Ses ve söz bir araya gelince hüzün sarar insanı ve hüznün eşliğinde oluşan özlem, bir iç yolculuğa çıkarır insanı.
Öyle bir yerdeyim ki
Ne karanfil ne kurbağa
Bir yanım mavi yosun
Dalgalanır sularda
Dostum dostum
Güzel dostum
Bu ne beter çizgidir bu
Bu ne çıldırtan denge
Yaprak döker bir yanımız
Bir yanımız bahar bahçe.
Yaşamın diyalektiğidir anlatılmak istenen. Hani şu "zıtların birliği" var ya, işte onu anlatıyor bir yönüyle.

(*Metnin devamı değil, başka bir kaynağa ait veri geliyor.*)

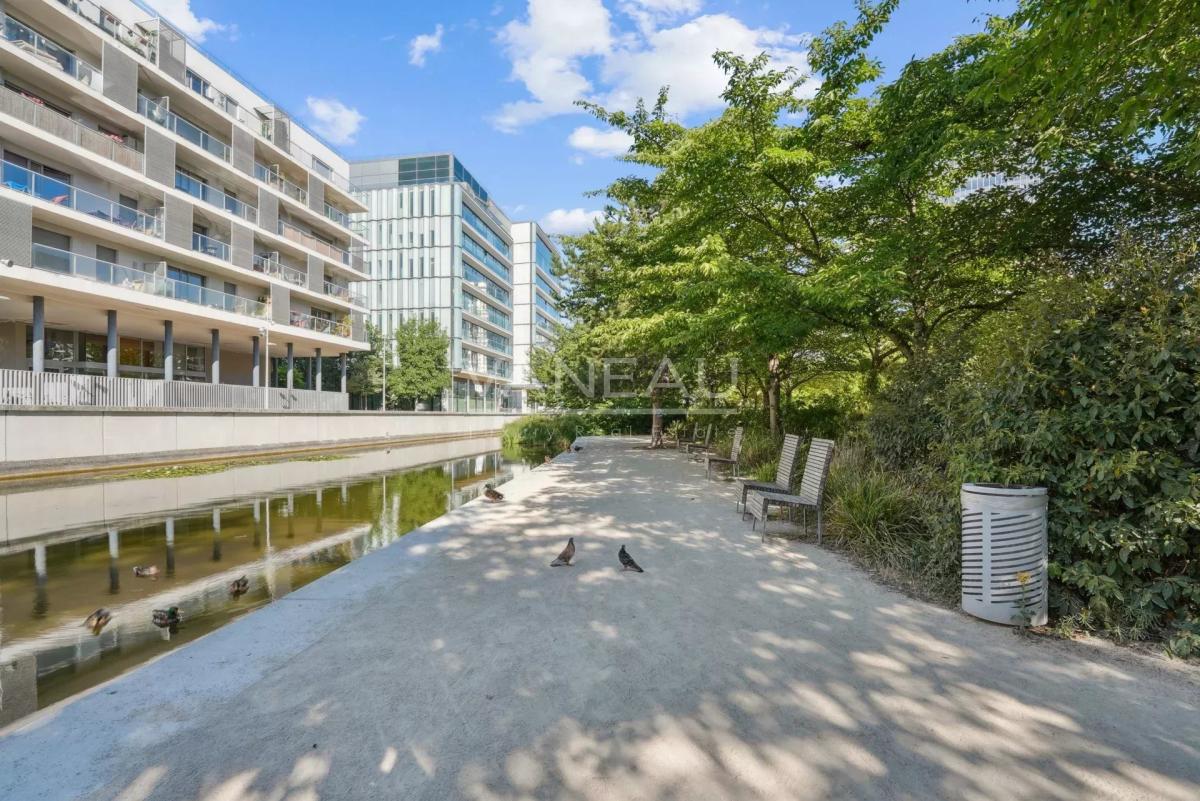 DEUX PIECES AVEC TERRASSE EN ETAGE ELEVE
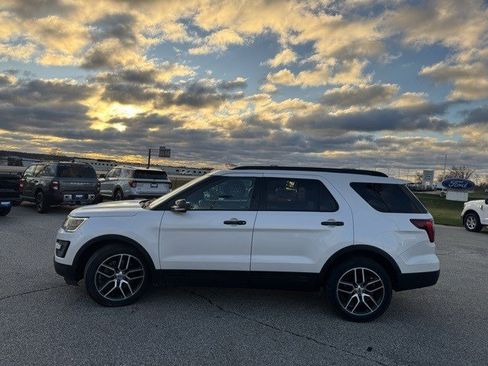 Used 2016 Ford Explorer Sport image 5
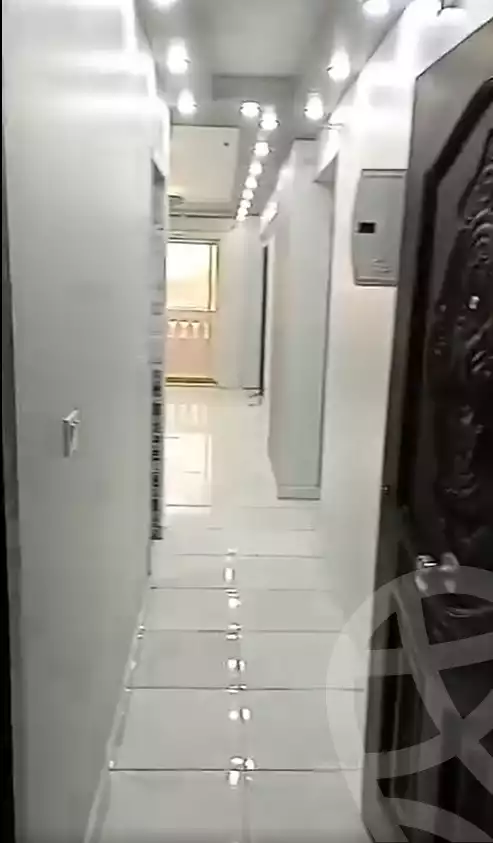 https://aqarmap.com.eg/ar/listing/5432770-for-rent-cairo-ain-shams-jsr-lswys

Hani bazen umutlu gözükürüz ama umutsuzluğa yakındır ruh halimiz; bazen de umutsuz gözükürüz; ama ilmik ilmik örmektedir umudu yüreğimiz, işte öyle bir şeydir bu.
Hiçbir şey göründüğü gibi değildir; görünen çoğu kez sanaldır, yanıltır bizi, aldanırız ve çıkmaz sokaklara saparız Asıl görünmeyendir insanı ele veren. Görünmeyeni görmek, söylenmeyeni ama söylenmek isteneni işitmek, okyanusları yüzerek geçmek kadar zordur… Bu yüzdendir söze bu kadar yüklenmemiz, hatta bazen anlatamamanın, anlaşılamamanın hırçınlığıyla çığlık çığlığa bağırmamız
"Düşündüğünün üstüne düşünebilen insan" sözü yanılmıyorsam Descartes’e aittir. Yitirdik ‘düşündüğünün üstüne düşünebilen insanı’, şimdilerde ise doğru düşünemeyen insanın "düşüncesizliğinin bedelini ödüyoruz."
Tüketim toplumunun yarattığı insanlar ha bire tüketiyorlar ve farkında değiller tükettikçe tükendiklerinin. İhtiyaç gidermek yerine sürekli ihtiyaç yaratan neoliberal düzen, yasama yürütme ve yargıyı tek elde toplayarak kazanılmış hakları önce kısıtlayarak, sonra da birer birer ortadan kaldırarak otoriter bir düzenin hukukunu yaratmaya çalışıyor.
Üretmek yerine sürekli tüketmenin yarattığı boşluklar kötücül düşüncelerle dolduruluyor sistem tarafından.
Kötülüğü kılavuz edinmiş "kara gömlekliler", "düşünce suçu" diye bir suç üretmişler ve mağdurlardan zalimler ordusu kurarak, hayata anlam katmayı amaç edinmiş insanların üstüne saldırtıyorlar; korku imparatorluğunu kalıcı kılmak için.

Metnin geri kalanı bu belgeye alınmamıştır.